Seamanship & Navigation, September 2020

Seamanship 10 21

Seamanship 10 21Preparing a sailing rig for going offshore
For the voyaging sailboat, your rig is your primary propulsion when offshore and should be given top priority when preparing to go offshore. The rig you have been using on weekends may have been good enough to prove the boat’s potential as a voyager, but it may not be good enough for your intended bluewater cruising. It should come as no surprise that the sailing rig must remain standing at all times and under all conditions. A dismasting is the next-worst thing to holing the hull, and neither is something to look forward to when you are thousands of miles at sea. While holing of the hull may be an accident, the blame for a dismasting lies solely on the skipper’s shoulders, so give the entire sailing rig a thorough going-over. If you are not an expert in rigging, get the services of a capable rigging surveyor. Any rig more than 10 years old should automatically be suspect, especially its stainless steel elements.

Mast: Conduct a careful inspection of the mast, looking for corrosion, particularly at the step, and cracks where the mast is spliced or where the spreaders and tangs attach. A mast subject to bending, either controlled or just due to oscillating loads, should be examined at all stress points. Repair or fully replace spreaders if they show any defects.

Standing rigging: Completely disassemble and inspect each element of the standing rigging. Where grade 304 stainless steel elements are faulty, consider changing to a better grade of material such as 316. Increase working dimensions when doing so to account for its slightly lower strength. Carefully re-bed all parts to avoid those irritating leaks that may occur under offshore conditions. Lubricate and safety-wire all moving joints in the rig. Having a shroud or stay come apart at sea can lead to major problems.

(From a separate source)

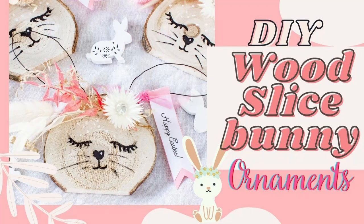Hey there, it's Jane from the blog ChalkingUpSuccess.com and today I'm making DIY wood slice bunnies.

Running rigging: Replace all halyards with low-stretch, high-strength synthetic rope that can be spliced. Do not use any rope on board that you cannot splice into a neat, functional line. Learn the art of splicing as part of your preparation. Remove wire halyard winches since they are simply too dangerous to operate. Replace them with self-tailing rope winches that are a welcome “second hand.” Depending on your sailing rig’s design, consider adding a staysail to convert the boat to a cutter rig.

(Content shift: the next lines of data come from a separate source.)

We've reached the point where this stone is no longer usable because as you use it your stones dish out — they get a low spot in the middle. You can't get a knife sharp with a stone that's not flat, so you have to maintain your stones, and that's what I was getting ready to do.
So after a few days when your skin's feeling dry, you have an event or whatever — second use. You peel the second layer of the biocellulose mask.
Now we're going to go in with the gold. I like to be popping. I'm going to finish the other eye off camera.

Sails: Your sail inventory and its condition are critical. Make a good selection such as the following:

• Reefable 130 percent to 150 percent genoa

• 100 percent working jib

• Storm jib with proper rigging

• Drifter or asymmetrical spinnaker

• Reefable mainsail (and trysail if mainsail is reefing-limited)

A roller-furling headsail can be a real convenience, but the one you used for weekend cruising may not be durable enough for offshore work. If it isn’t, replace it or do without it. If it is, inspect and refurbish it to increase its lifetime.

Replace the sheets and install sturdier sheet leads. Also, and this is a necessity, carry an old-fashioned hank-on replacement headsail for the time when the roller-furling packs up due to age or storm damage.